Monday, 7 November 2011

Review: The Magnetic Monster

The Magnetic Monster (1953)

To meet this challenge to our existence,  a new agency has been formed: OSI; the Office of Scientific Investigation.  The operatives of OSI are called A-Men.  A-Men; sounds like the final word of a prayer.

Or the set up for a very rude joke.

Top OSI agent Dr Jeffrey Stewart is called in to investigate an appliance store where everything has suddenly become magnetised.  Discovering that their is also a strong trace of radiation, the OSI team soon discovers that the source of the trouble is a new element that periodically generates powerful blasts of magnetic force as well as doubling in size every 11 hours. Tracking down the element, they learn that it can only be contained and destroyed by incredible amounts of electricity.  With only one place in the world capable of delivering the massive charge, only one chance to do so before it grows too big to control, the clock ticking and the fate of world resting on his shoulders, Dr Stewart has his work cut out for him.

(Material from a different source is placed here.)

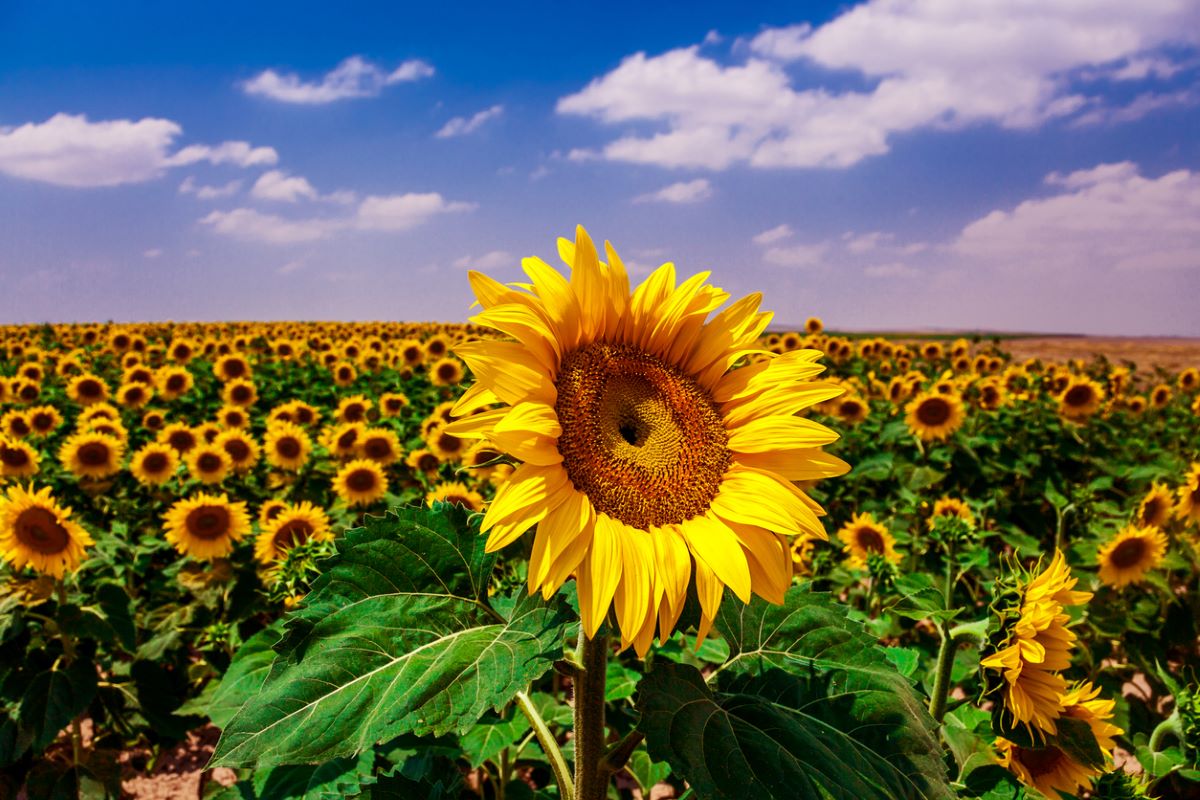 10 Fun Facts About Sunflowers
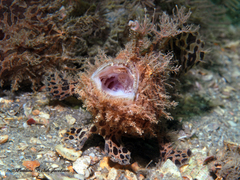 Antennarius scaber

The Magnetic Monster is a science fiction version of the FBI procedural film.  While Stewart is given a home life and pregnant wife to give his character two dimensions instead of one, the real star of the show is the steps taken by the OSI as they hunt for the magnetic killer.  Producer Ivan Tors, as he demonstrates in his other film and television work, is fascinated with the mechanics of science and dressing sets with all manner of apparatus, but what makes this film most interesting is how Tors was able to take stock footage from a German sci fi outing that was banned in the US as Nazi propaganda and build an entirely new feature around it.  This meant moving the climax to Canada to explain why the workers at the atomic plant aren't dressed like Americans as well has having the principal actors kitted out like their German counterparts.  The trick works for the most part, though there are a few confusing set crossings that only make sense because of the need for the plot to match the footage.

Richard Carlson and King Donovan take their parts dead seriously as they try to sell the absurd premise and Connie Stewart as our hero's long-suffering wife makes the most out of a very thin part.

Not the greatest B-movie of all time, but a respectable journeyman effort in making do on a low budget and with stock footage as the feature's tent pole.